Short web captions:
* * * * *
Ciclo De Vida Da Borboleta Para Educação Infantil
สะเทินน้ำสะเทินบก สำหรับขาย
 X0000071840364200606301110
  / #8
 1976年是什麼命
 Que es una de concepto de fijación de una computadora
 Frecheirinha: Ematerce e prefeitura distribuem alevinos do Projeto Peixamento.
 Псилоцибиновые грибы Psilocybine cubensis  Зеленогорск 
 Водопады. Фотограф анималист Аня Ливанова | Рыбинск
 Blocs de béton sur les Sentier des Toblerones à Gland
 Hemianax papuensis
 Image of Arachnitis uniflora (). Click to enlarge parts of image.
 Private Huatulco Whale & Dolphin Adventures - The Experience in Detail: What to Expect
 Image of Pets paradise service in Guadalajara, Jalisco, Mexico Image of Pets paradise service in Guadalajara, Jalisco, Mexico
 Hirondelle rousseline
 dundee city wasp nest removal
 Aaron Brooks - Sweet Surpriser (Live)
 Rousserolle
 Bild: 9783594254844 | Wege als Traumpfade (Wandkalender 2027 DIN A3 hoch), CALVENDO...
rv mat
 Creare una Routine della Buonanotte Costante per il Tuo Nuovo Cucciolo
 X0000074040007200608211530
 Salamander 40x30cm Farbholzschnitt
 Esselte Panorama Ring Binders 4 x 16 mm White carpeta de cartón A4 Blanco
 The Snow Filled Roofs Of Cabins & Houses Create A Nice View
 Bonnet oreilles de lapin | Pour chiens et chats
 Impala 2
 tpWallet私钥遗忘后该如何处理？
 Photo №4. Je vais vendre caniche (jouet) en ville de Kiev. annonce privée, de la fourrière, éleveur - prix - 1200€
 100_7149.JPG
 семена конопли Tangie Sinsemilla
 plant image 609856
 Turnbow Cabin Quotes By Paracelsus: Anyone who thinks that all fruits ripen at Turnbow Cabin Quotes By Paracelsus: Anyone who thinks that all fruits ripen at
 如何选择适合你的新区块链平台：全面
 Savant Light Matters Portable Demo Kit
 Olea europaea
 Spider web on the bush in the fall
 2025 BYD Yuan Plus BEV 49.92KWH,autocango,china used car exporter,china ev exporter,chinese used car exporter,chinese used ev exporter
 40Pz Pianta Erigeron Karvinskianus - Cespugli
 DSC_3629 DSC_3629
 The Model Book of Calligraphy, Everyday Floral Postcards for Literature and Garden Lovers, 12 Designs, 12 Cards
* * * * *
TASK DETAILS:
With every word kept as it is, set down the entries again.

THE ANSWER:
Ciclo De Vida Da Borboleta Para Educação Infantil
สะเทินน้ำสะเทินบก สำหรับขาย
 X0000071840364200606301110
  / #8
 1976年是什麼命
 Que es una de concepto de fijación de una computadora
 Frecheirinha: Ematerce e prefeitura distribuem alevinos do Projeto Peixamento.
 Псилоцибиновые грибы Psilocybine cubensis  Зеленогорск 
 Водопады. Фотограф анималист Аня Ливанова | Рыбинск
 Blocs de béton sur les Sentier des Toblerones à Gland
 Hemianax papuensis
 Image of Arachnitis uniflora (). Click to enlarge parts of image.
 Private Huatulco Whale & Dolphin Adventures - The Experience in Detail: What to Expect
 Image of Pets paradise service in Guadalajara, Jalisco, Mexico Image of Pets paradise service in Guadalajara, Jalisco, Mexico
 Hirondelle rousseline
 dundee city wasp nest removal
 Aaron Brooks - Sweet Surpriser (Live)
 Rousserolle
 Bild: 9783594254844 | Wege als Traumpfade (Wandkalender 2027 DIN A3 hoch), CALVENDO...
rv mat
 Creare una Routine della Buonanotte Costante per il Tuo Nuovo Cucciolo
 X0000074040007200608211530
 Salamander 40x30cm Farbholzschnitt
 Esselte Panorama Ring Binders 4 x 16 mm White carpeta de cartón A4 Blanco
 The Snow Filled Roofs Of Cabins & Houses Create A Nice View
 Bonnet oreilles de lapin | Pour chiens et chats
 Impala 2
 tpWallet私钥遗忘后该如何处理？
 Photo №4. Je vais vendre caniche (jouet) en ville de Kiev. annonce privée, de la fourrière, éleveur - prix - 1200€
 100_7149.JPG
 семена конопли Tangie Sinsemilla
 plant image 609856
 Turnbow Cabin Quotes By Paracelsus: Anyone who thinks that all fruits ripen at Turnbow Cabin Quotes By Paracelsus: Anyone who thinks that all fruits ripen at
 如何选择适合你的新区块链平台：全面
 Savant Light Matters Portable Demo Kit
 Olea europaea
 Spider web on the bush in the fall
 2025 BYD Yuan Plus BEV 49.92KWH,autocango,china used car exporter,china ev exporter,chinese used car exporter,chinese used ev exporter
 40Pz Pianta Erigeron Karvinskianus - Cespugli
 DSC_3629 DSC_3629
 The Model Book of Calligraphy, Everyday Floral Postcards for Literature and Garden Lovers, 12 Designs, 12 Cards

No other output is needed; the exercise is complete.